==== Working data

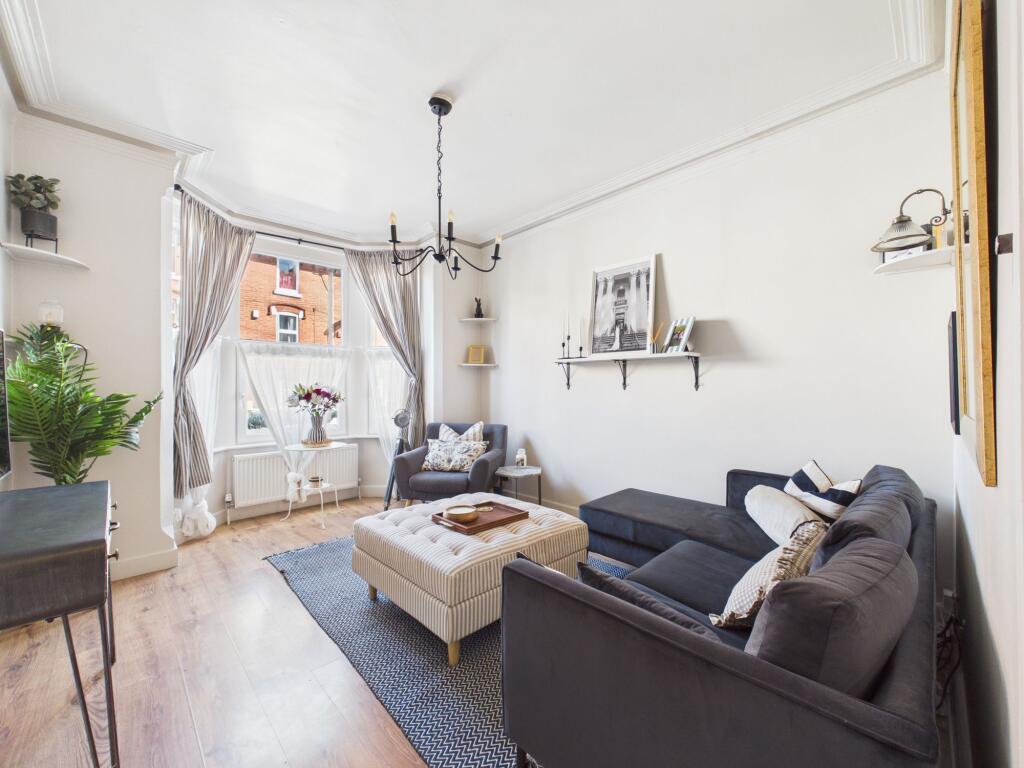 House in Nottingham, Sherwood - View 5
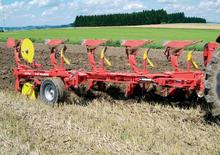 Ploegen Pöttinger Servo 45 S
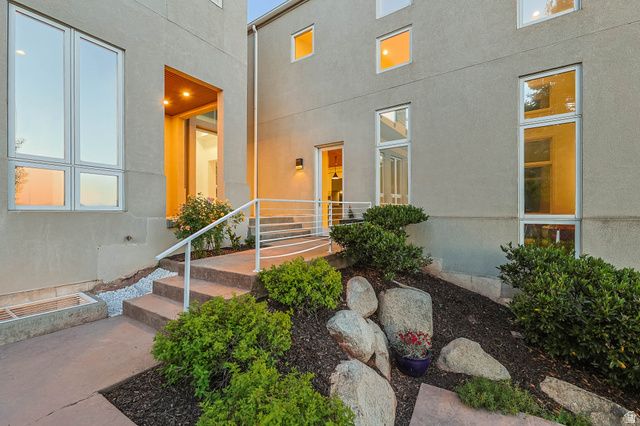 2093 S LAKELINE DR, Salt Lake City, UT 84109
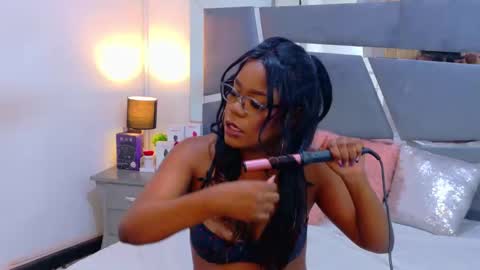 lorraine_johnson online show from May 2026 05:41:02 PM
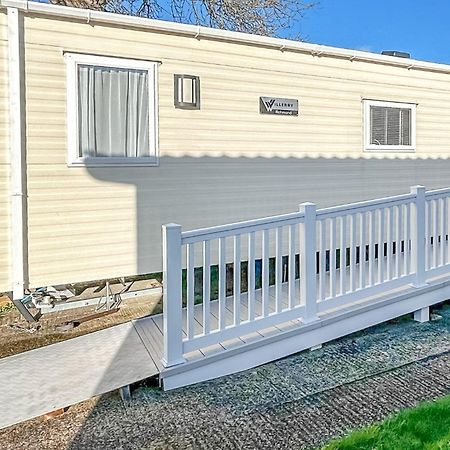 Orchards Holiday Park Newbridge  Exterior photo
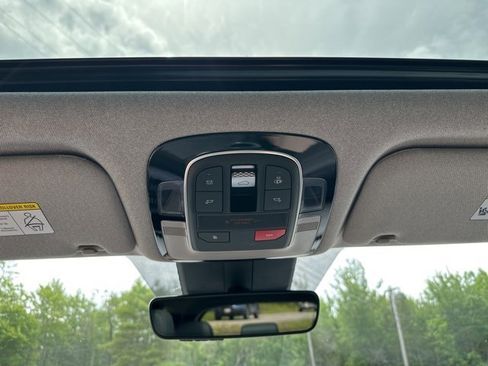 Used 2023 Hyundai Santa Fe Limited image 20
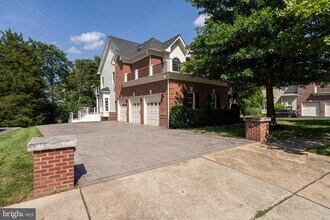 18852 Ridgeback Ct in Leesburg, VA - Building Photo - Building Photo
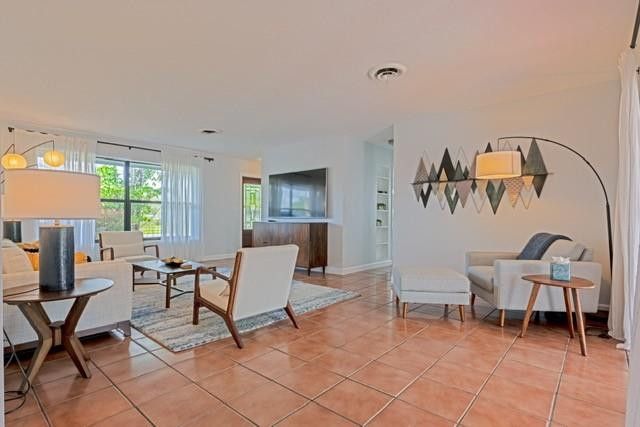 1311 SW 56th Avenue, Plantation, FL 33317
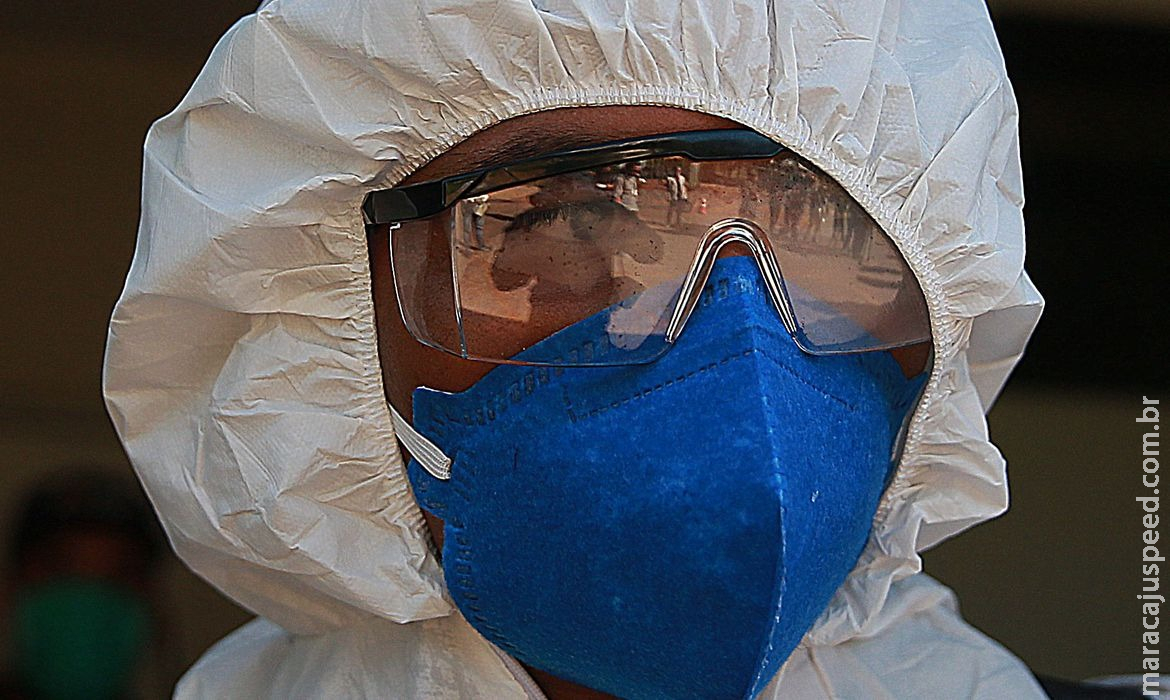 Pandemia permanece em níveis preocupantes, alerta Fiocruz Pandemia permanece em níveis preocupantes, alerta Fiocruz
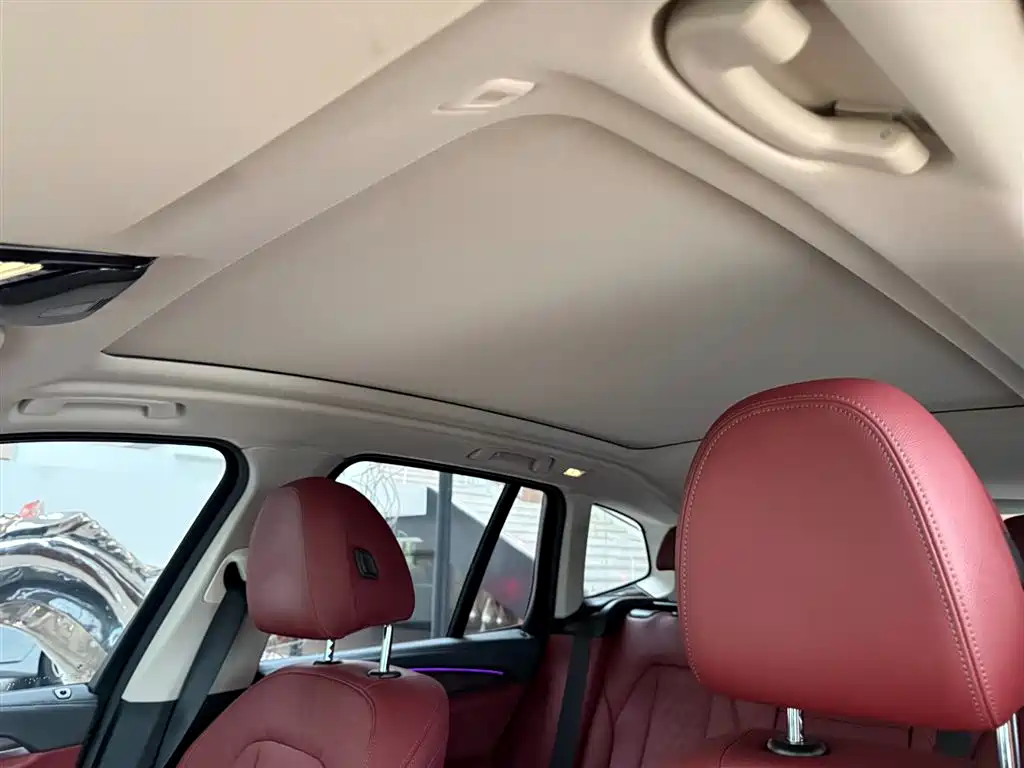 BMW X3 — миниатюра 15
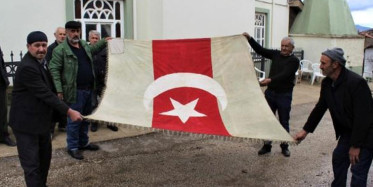 Dedelerinden Kalan 300 Senelik Bayrağa Gözleri Gibi Bakıyorlar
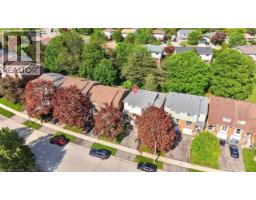 137 DOVERCLIFFE Road - 40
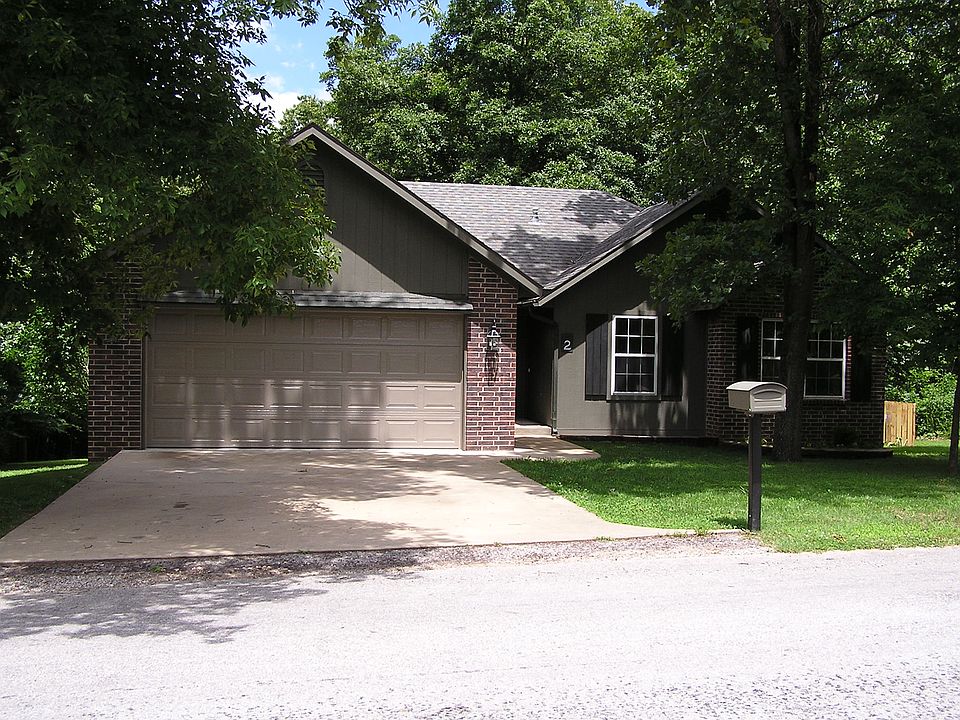 1st image of 2 Piccadilly Ln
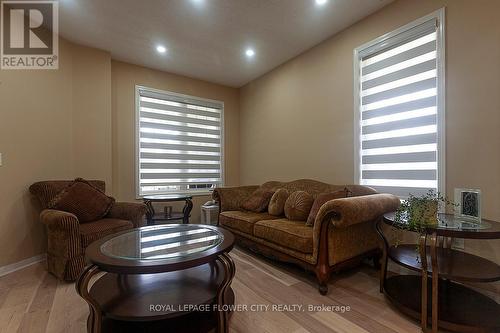 19 Maldives Crescent N, Brampton (Vales Of Castlemore), ON - Indoor Photo Showing Living Room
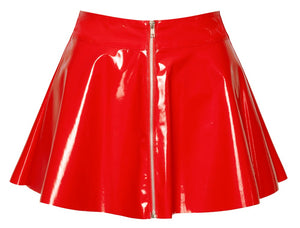 Mini women's skirt, in plus sizes, made of vinyl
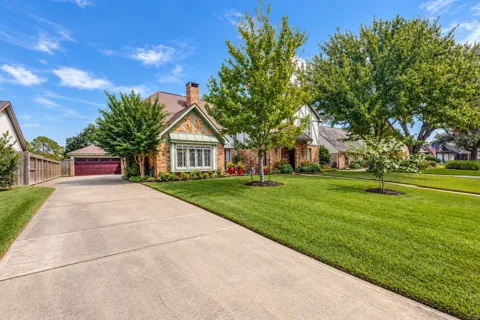 807 Longview Drive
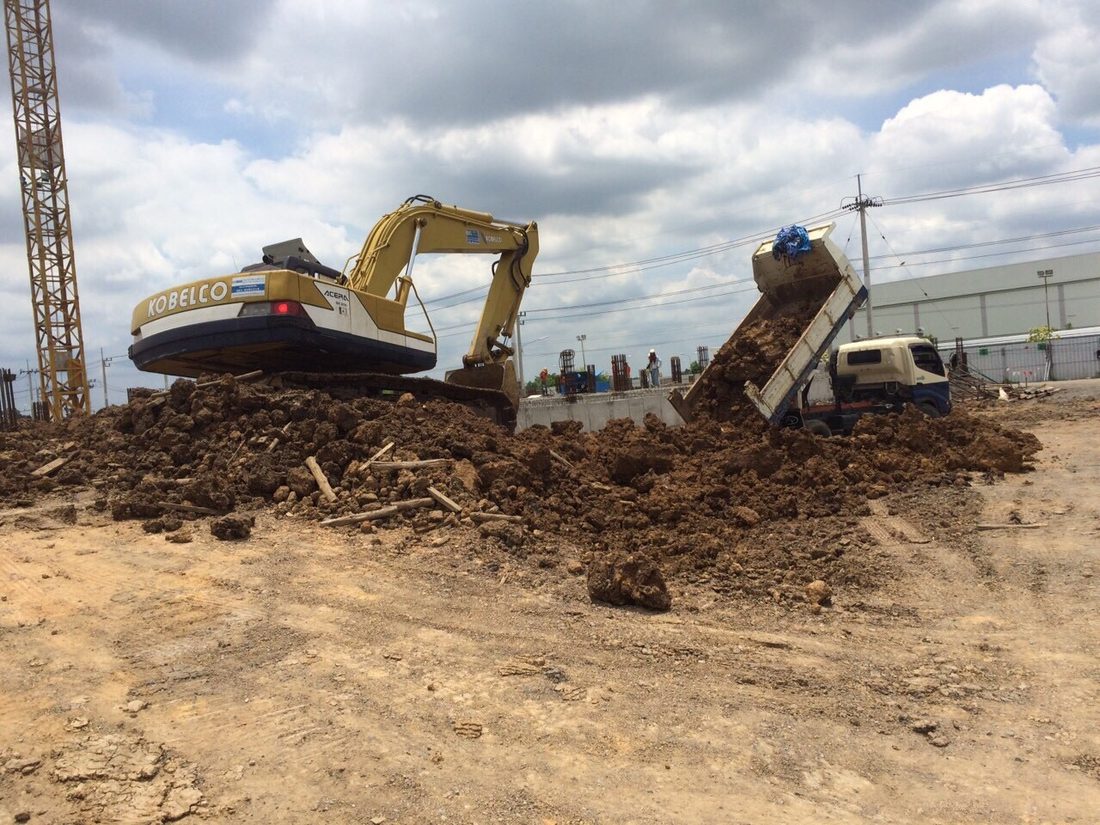 รถแบคโฮ KOBELCO ขนาด 20 ตัน ของ BIG MACHINE TRADING ย้ายดินและจัดการพื้นที่ ข้างรถบรรทุกเทดิน งานสร้างโรงงานเถ้าแก่น้อย อยุธยา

========

■ Work to be completed
All entries, top to bottom, should be retyped exactly; the pictures should not be.

■ The answer
 House in Nottingham, Sherwood - View 5
 Ploegen Pöttinger Servo 45 S
 2093 S LAKELINE DR, Salt Lake City, UT 84109
 lorraine_johnson online show from May 2026 05:41:02 PM
 Orchards Holiday Park Newbridge  Exterior photo
 Used 2023 Hyundai Santa Fe Limited image 20
 18852 Ridgeback Ct in Leesburg, VA - Building Photo - Building Photo
 1311 SW 56th Avenue, Plantation, FL 33317
 Pandemia permanece em níveis preocupantes, alerta Fiocruz Pandemia permanece em níveis preocupantes, alerta Fiocruz
 BMW X3 — миниатюра 15
 Dedelerinden Kalan 300 Senelik Bayrağa Gözleri Gibi Bakıyorlar
 137 DOVERCLIFFE Road - 40
 1st image of 2 Piccadilly Ln
 19 Maldives Crescent N, Brampton (Vales Of Castlemore), ON - Indoor Photo Showing Living Room
 Mini women's skirt, in plus sizes, made of vinyl
 807 Longview Drive
 รถแบคโฮ KOBELCO ขนาด 20 ตัน ของ BIG MACHINE TRADING ย้ายดินและจัดการพื้นที่ ข้างรถบรรทุกเทดิน งานสร้างโรงงานเถ้าแก่น้อย อยุธยา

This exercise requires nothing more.